→ **PROVIDED MATERIAL**:
================================

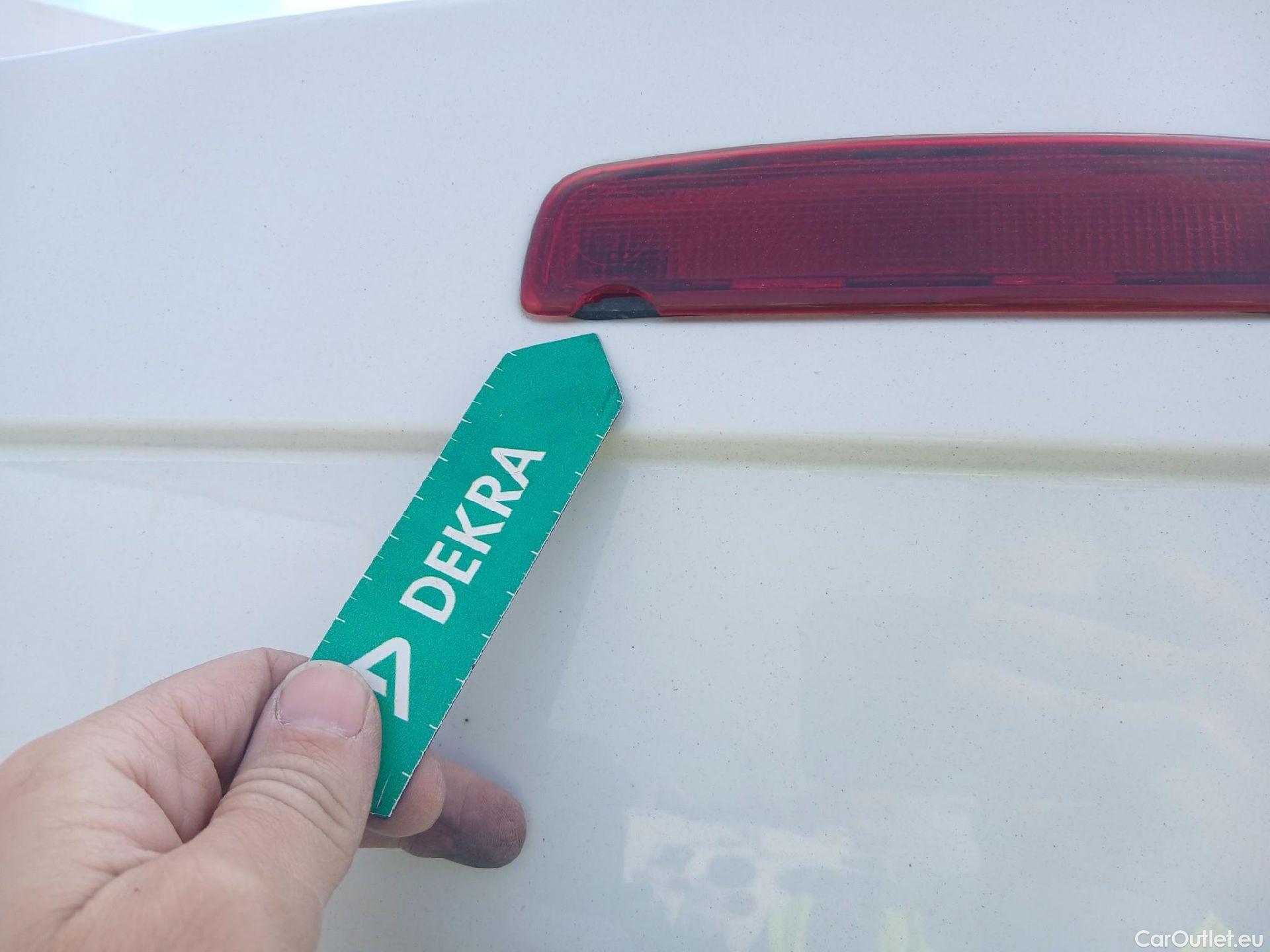  Dacia  Dokker DACIA  / 2013 / 4P / furgón derivado de turismo Van Essential 1.6 80kW (110CV) GLP #30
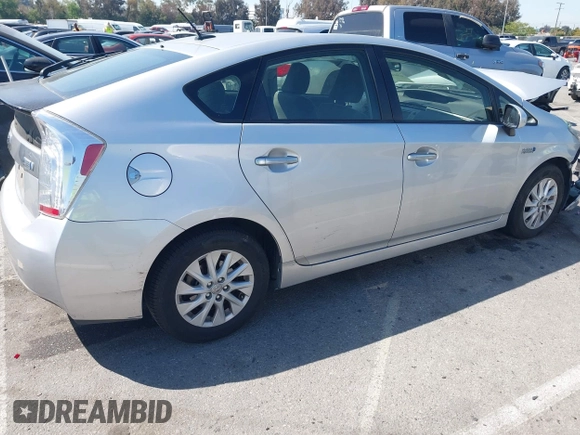 2013 Toyota Prius with VIN JTDKN3DPXD3032705, listed as a IAAI auction lot 42014728 with 133,389 mi miles and . Bid and sale history available at DreamBid. Image 4.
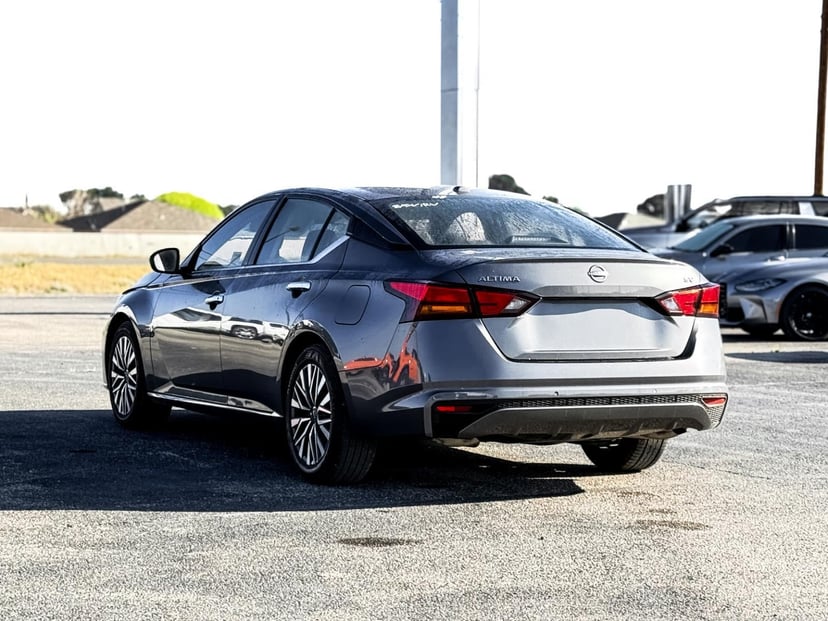 2024 Nissan Altima - Image 7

================================

→ **DIRECTIONS**: Up to and including the last line of the listing, starting at the line with "2013 Toyota Prius", extract every line exactly and leave out the pictures.

→ **RESULT OF THE EXERCISE**:
 2013 Toyota Prius with VIN JTDKN3DPXD3032705, listed as a IAAI auction lot 42014728 with 133,389 mi miles and . Bid and sale history available at DreamBid. Image 4.
 2024 Nissan Altima - Image 7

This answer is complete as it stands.